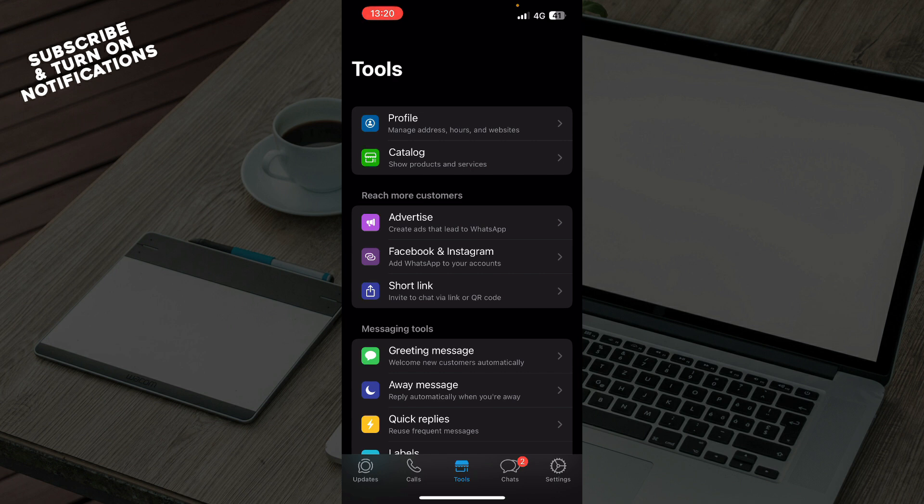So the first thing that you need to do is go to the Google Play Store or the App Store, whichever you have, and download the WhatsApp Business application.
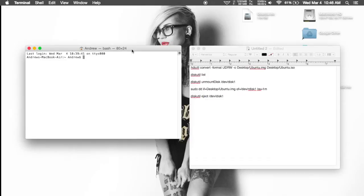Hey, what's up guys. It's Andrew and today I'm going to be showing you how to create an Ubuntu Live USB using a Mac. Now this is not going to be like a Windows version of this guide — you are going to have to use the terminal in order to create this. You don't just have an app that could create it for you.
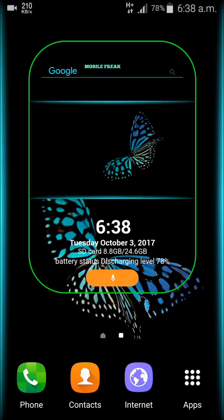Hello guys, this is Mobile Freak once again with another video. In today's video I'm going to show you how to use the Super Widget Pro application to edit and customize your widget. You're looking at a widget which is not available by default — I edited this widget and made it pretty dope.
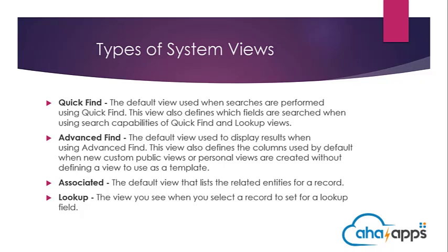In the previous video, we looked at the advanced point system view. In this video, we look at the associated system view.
---
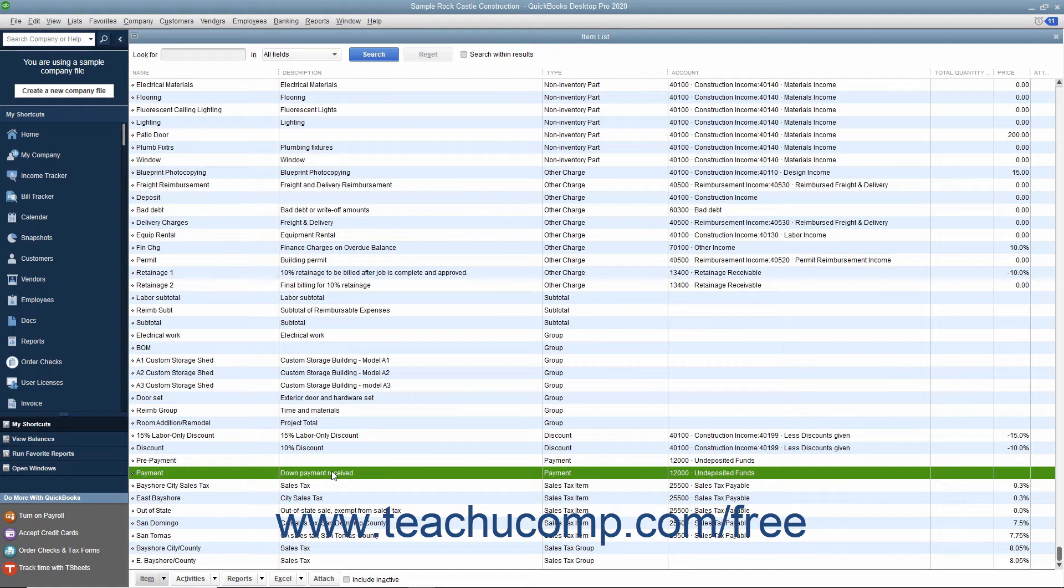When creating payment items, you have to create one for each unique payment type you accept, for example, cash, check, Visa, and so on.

What you should do
Take the material above from the line bearing "So the first" through the line bearing "Hey, what's up" and write it out exactly, both end lines included. Pictures stay out.

Your solution
So the first thing that you need to do is go to the Google Play Store or the App Store, whichever you have, and download the WhatsApp Business application.
Hey, what's up guys. It's Andrew and today I'm going to be showing you how to create an Ubuntu Live USB using a Mac. Now this is not going to be like a Windows version of this guide — you are going to have to use the terminal in order to create this. You don't just have an app that could create it for you.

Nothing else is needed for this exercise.